What is an identification problem? How does it relate to the demand equation?
Due to a shift in consumer taste, the demand curve for product X shifted steadily to the right. If one was to plot the price against quantity sold, would the resulting relationship approximate market demand curve? Explain.
Describe leading economic indicators. What are important criticisms of forecasting ability of leading economic indicators?
What are the four different characteristics that data exhibit when undertaking time-series forecasts?
Explain the advantage of multiple regressions compared to simple regression.
You are hired to analyze demand in 25 regional markets of product Z. Regression results of demand are given below. The numbers in parenthesis are standard errors.

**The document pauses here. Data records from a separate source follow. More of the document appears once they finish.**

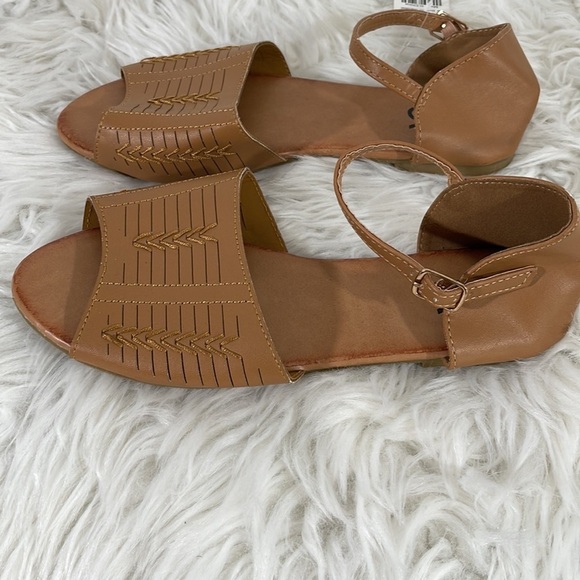 SR2 Huarache Flat Peep Toe Sandals Ankle Strap Brown Size 8 - Picture 5 of 11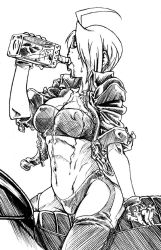 Rule 34 | 1girl, ahoge, angel (kof), chaps, crop top, drinking, drooling, fingerless gloves, gloves, greyscale, jacket, midriff, monochrome, motor vehicle, motorcycle, navel, short hair, snk, solo, the king of fighters, vehicle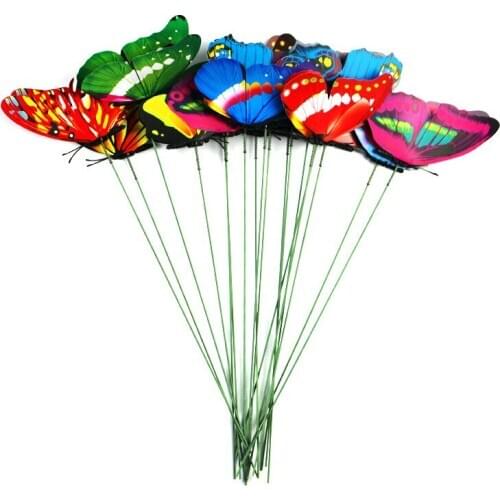 50 pcs PVC simulation single-layer plunger Bunch of Butterflies Garden Yard Planter Colorful Whimsical Butterfly Stakes Decoract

Qz = 250 – 10P + 6PX + 0.25A + 0.04I
(100) (3) (2) (0.1) (0.15)
Standard Error of the Estimate (s) = 75
Here, Qz is market demand for Product Z, P is the price of Z in dollars, A is dollars of advertising expenditures, PX is the average price in dollars of another (unidentified) product, and I is dollars of household income. In a typical market, the price of Z is $1,500, PX is $500, advertising expenditures are $50,000, and disposable income per household is $45,000.
Calculate the expected level of demand in a typical market.

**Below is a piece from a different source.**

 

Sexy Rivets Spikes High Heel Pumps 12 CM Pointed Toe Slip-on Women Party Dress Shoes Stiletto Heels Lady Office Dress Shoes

Indicate the range within which actual demand is expected to fall with 95% confidence.
The following questions refer to this regression equation, (standard errors in parentheses)
Q = 8,400 – 10 P + 5 A + 4 Px + 0.05 I,
(1.732) (2.29) (1.36) (1.75) 0.15)
R2 = 0.65
N = 120
F = 35.25
(Standard error of estimate) s = 34.3
Q = Quantity demanded
P = Price = 1,000
A = Advertising expenditures, in thousands = 40
PX = price of competitor’s good = 800
I = average monthly income = 4,000
Calculate the elasticity for each variable, and briefly comment on what information this gives you in each case.
Calculate t-statistics for each variable, and explain what this tells you.
How would you evaluate the quality of this equation overall? Do you have any concerns? Explain.
Should this firm be concerned if macroeconomic forecasters predict a recession? Explain.
The demand equation for the Widget Company has been estimated to be:
Q = 20,000 + 10 I – 50P + 20 PC
Where Q = monthly number of widgets sold, I = average monthly income, P = price of widgets, and PC = average price of competing goods.
If next month’s income is forecast to be $2,000, the price of competing goods is forecast to be $20, and the price of widgets will be set at $30, forecast sales.
What will sales be if the price is dropped to $20?